Here, Grech pinpoints an important - and somewhat farcical - element to the 'tablet wars': the fact that, while both parties tried to coast on the popularity of the gadgets, the internet - which a tablet is pretty much useless without - gave space for people to aggressively mock the proposal.

"The wonderful memes and Facebook banter that greeted those particular announcements are indicative of how many people associated this with 'cheap electioneering'.  For instance, one Facebook status declared 'I will vote for the party that gives me a Mac Book Pro'. Something got lost in the messages of both parties on that day."

According to Grech, the parties are missing the wood for the trees on this issue. Instead of responding to the interactive nature of the medium, "both [big parties] are pretty much stuck in a one-way, 20th century, top-down marketing paradigm. It's election time, so the parties seem to believe that citizens will visit the party sites and read, listen and watch a 21st century equivalent of the mass meeting".

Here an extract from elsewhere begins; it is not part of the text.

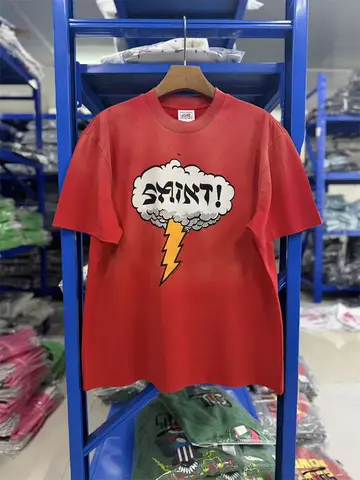 SAINT Mx6 SS26 American Vintage Lightning Cloud Letter Printed Fashion Round Neck Washed Short Sleeve High Street Loose T-shirt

But though there's something empowering in Grech's idea that the party big-wigs appear to be "uncomfortable when dealing with media that is inherently anarchic and empowers any citizen to have an online soap box," and that "things used to be much simpler in the days of a limited number of paid media" - which suggests that this could be a way for a more democratic voice to eke out during the electoral tug-of-war, he is quick to undercut any renegade optimism.

Suggesting that on some level, it is easy for us to become distracted by the barrage of information, and the dizzying array of digital distractions we live under, Grech makes the parties' use of technology comparable to the behaviour of a lazy and unimaginative parent, who employs technology to keep their offspring entertained, and occupied.

"We love entertainment, particularly if we can now consume it on a screen, and share it with a couple of anecdotes on the social network of our choice. The parties seeking power understand this well. So perhaps they are serving us what we want, after all, while they prepare for the real business of power."